In January 2020, many Sikh organizations announced the U.S. Census Bureau would include “Sikh” as a write-in option for question nine (“What is your race?”) on the 2020 Census form. The Census Bureau also confirmed that the non-mandatory option to write in “Sikh” will be included as a distinct detailed population group under the “Asian” racial category (as opposed to the “Asian Indian” category).
The announcement brought kudos from other Sikh-American organizations including the Sikh Coalition who showed their support for being given the option to self-identify in the 2020 Census.
That sense of victory was felt particularly strong in Kern County where more than 10,000 Sikh families reside.
Naindeep Singh, executive director of Jakara Movement, says a united movement among Sikhs and supporters helped make it happen.
“This is a conversation that has been happening within the community for over 20 years,” Singh said. “Different ethnic media outlets have been talking about this, and the Punjabi media has also been helping create awareness about the Census.”
Founded in 2000, The Jakara Movement is a grassroots organization community-building organization that helps with leadership development, community engagement and social activism. According to Singh, the organization has an active membership in 80 high schools from Kern County to Sutter County in northern California.
“Bakersfield is a special place for us,” said Singh, noting that Punjabi is among the most spoken languages in Kern County after English and Spanish.
“In terms of the population, specifically in Kern County, nearly all ‘South Asians’ have roots in the region of Punjab (India, Pakistan), and they speak the Punjabi language. Most of their religious backgrounds are of the Sikh faith, or Sikh tradition,” Singh said. “That’s why we generally will say, ‘Punjabi Sikh,’ because that’s where most will have as their identity, especially in Kern County. And really throughout the valley.”

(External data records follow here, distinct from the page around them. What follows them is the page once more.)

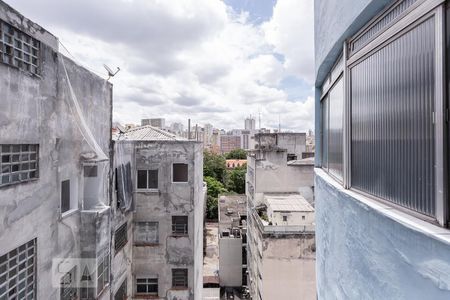 Vista de apartamento à venda com 2 quartos, 58m² em Vila Buarque, São Paulo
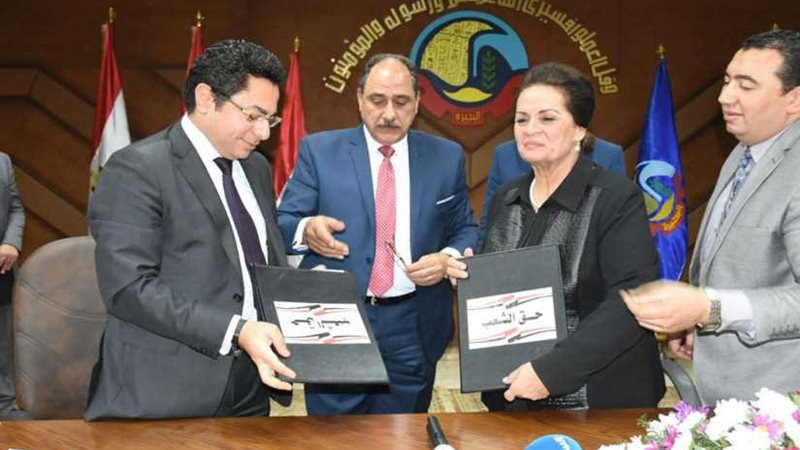 محافظ البحيرة: تصدرنا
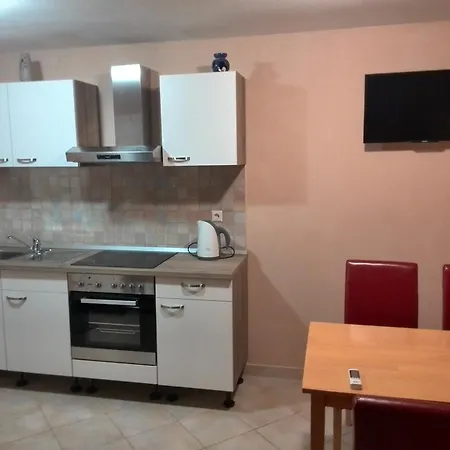 Bogdanovic Lejlighed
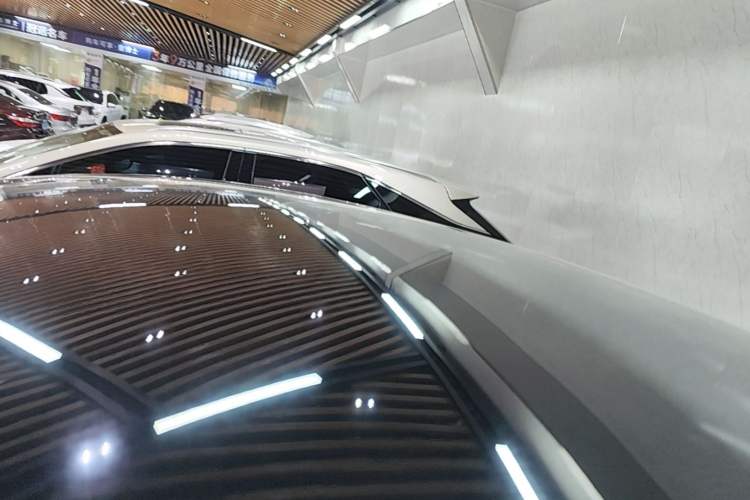 Used Tesla Model Y 2022 Rear-Wheel-Drive Version Roof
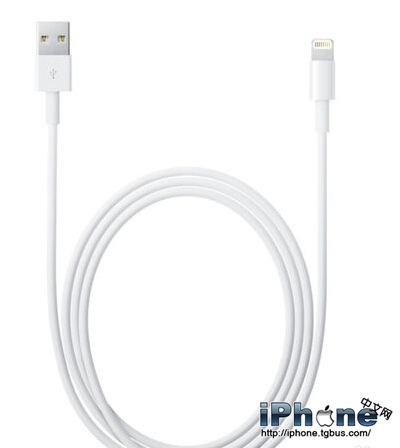 iPhone5 USB為什麼無法充電  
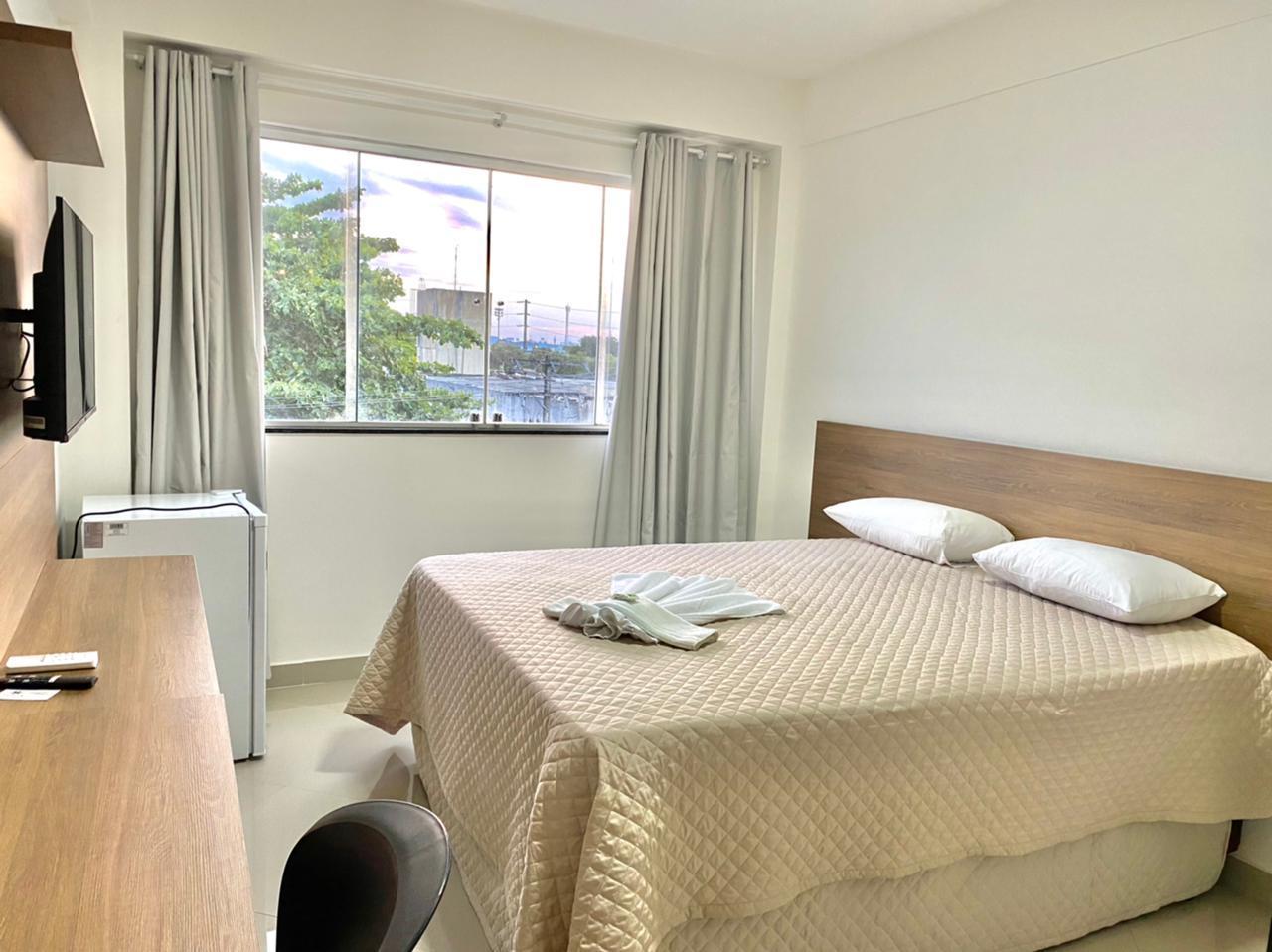 Hotel Skalla - Melhor Custo Beneficio Teixeira de Freitas Zewnętrze zdjęcie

With growth comes the need for education to help with the occasional roadblock in communication. Singh says the work of his organization has been to bring information about the Census direct from trusted members in his community as swiftly as possible. Of the 12 languages that the Census Bureau is providing translations for on mail invites, Punjabi is not included.
“Because you have a lot of Punjabi women who work in the post office, they have anecdotally shared with me how many people just throw their Census form in the garbage or in the return mail,” Singh said. “That’s probably because many of them just don’t know what it is, or don’t want to take a risk. It’s very common.”
Making the work of Singh and other Sikh organizations all the more urgent as Census invitations and reminders continue to circulate through the postal service into homes.
“The specific ethnic and language demographics in our valley differs greatly than most areas of the country. The Census Bureau is not providing language support for large communities that reside her in the San Joaquin Valley. While here in Kern County, Punjabi is the third most spoken language after English and Spanish, in Fresno County it is the Hmong language, which is also not receiving federal support. This is why so many organizations are working to fill in the gap with an eye to our unique regional characteristics.”
Currently, Punjabi speakers can call 559-667-SIKH (7454) for immediate assistance with their Census form. A similar support website is also planned for launch on Monday, March 30th.
“We are calling on communities to write-in Sikh on their Census form, and explaining why it’s important,” said Singh.
“We’ve already been inundated with personal calls, questions, concerns from people asking us to help them right now, because the Question Assistance Centers (QAC) from the Census Bureau are largely being put on hold in order to minimize contact.”
Because of the COVID-19 pandemic, Singh says Census engagement has been changed to safely reach those in self-quarantine, but before the government mandate, his team had logged hours of canvassing in rural areas of Kern.
“We had really big canvassing goals, and we achieved most of them before the order came from the Governor,” said Singh.
Singh and his team canvassed nearly 20,000 homes in Wasco in a single weekend.
“Our next round was supposed to be phone banking, but we’re a little bit on pause because we want to know what will make the most sense,” Singh said. “We don’t want our youth operators to be at any risk and are keeping in mind where everybody’s head space is right now. So, once we start again, we will be calling over 20,000-plus Kern County residents.”
Singh wants to assure the Sikh community they are working diligently to provide the resources needed to assure an accurate count during quarantine.
“We have translation services for forms with explanations, videos, social media postings. Many moving parts.”